Because the entries hold pictures, reproduce only their words, exactly as written.

(Data supplied begins)

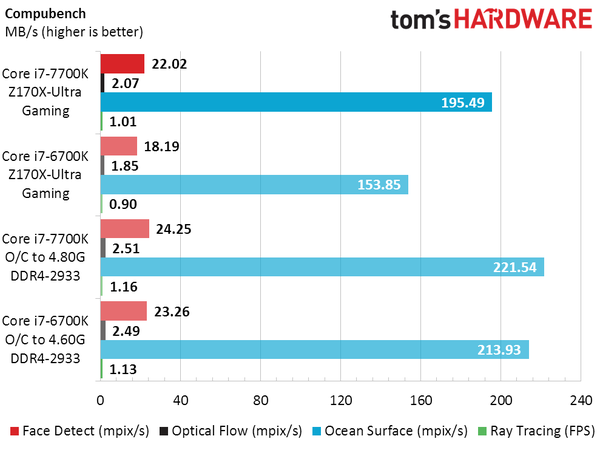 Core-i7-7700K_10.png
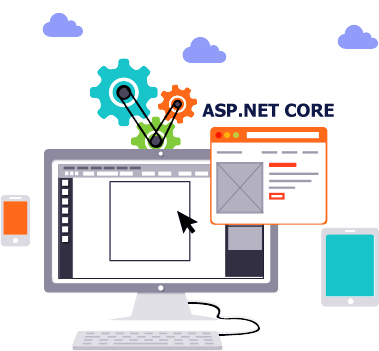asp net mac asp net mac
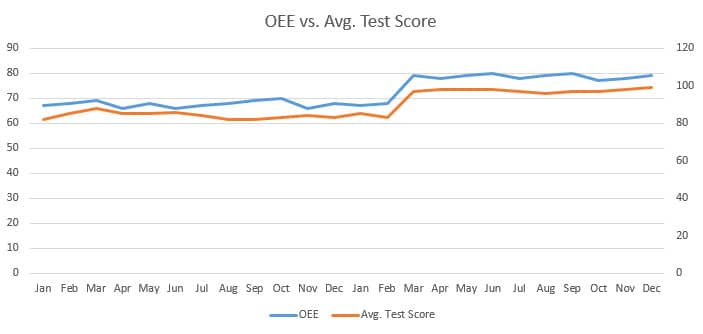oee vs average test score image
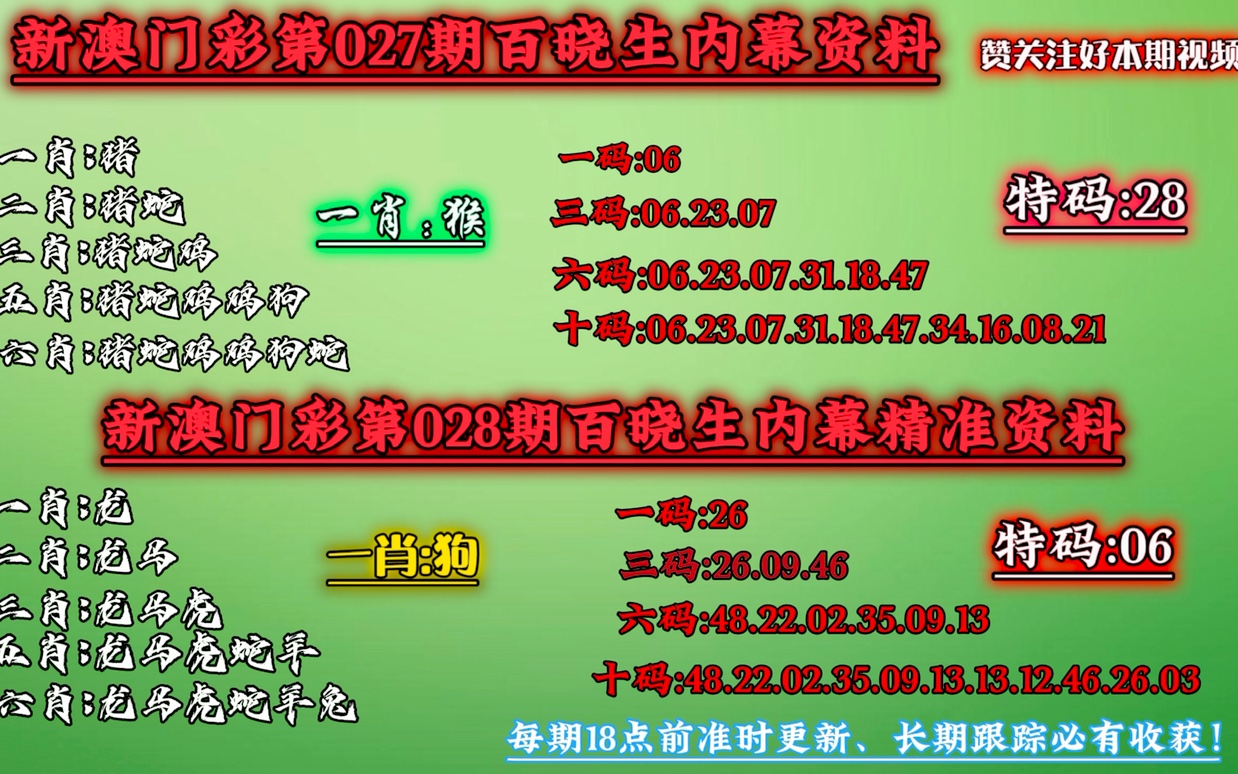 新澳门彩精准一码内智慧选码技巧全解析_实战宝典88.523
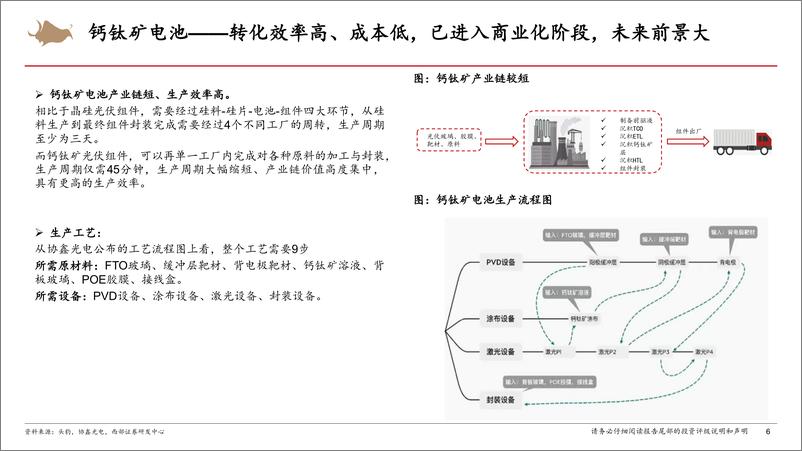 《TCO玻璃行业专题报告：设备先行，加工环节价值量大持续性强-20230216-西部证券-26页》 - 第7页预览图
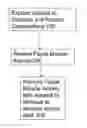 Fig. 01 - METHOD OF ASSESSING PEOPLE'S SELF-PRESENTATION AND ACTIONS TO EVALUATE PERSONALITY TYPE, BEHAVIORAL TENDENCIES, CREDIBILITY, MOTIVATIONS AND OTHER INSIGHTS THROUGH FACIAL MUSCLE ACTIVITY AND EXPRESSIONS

(Data supplied ends)

# [Reply]
 Core-i7-7700K_10.png
asp net mac asp net mac
oee vs average test score image
 新澳门彩精准一码内智慧选码技巧全解析_实战宝典88.523
 《TCO玻璃行业专题报告：设备先行，加工环节价值量大持续性强-20230216-西部证券-26页》 - 第7页预览图
 Fig. 01 - METHOD OF ASSESSING PEOPLE'S SELF-PRESENTATION AND ACTIONS TO EVALUATE PERSONALITY TYPE, BEHAVIORAL TENDENCIES, CREDIBILITY, MOTIVATIONS AND OTHER INSIGHTS THROUGH FACIAL MUSCLE ACTIVITY AND EXPRESSIONS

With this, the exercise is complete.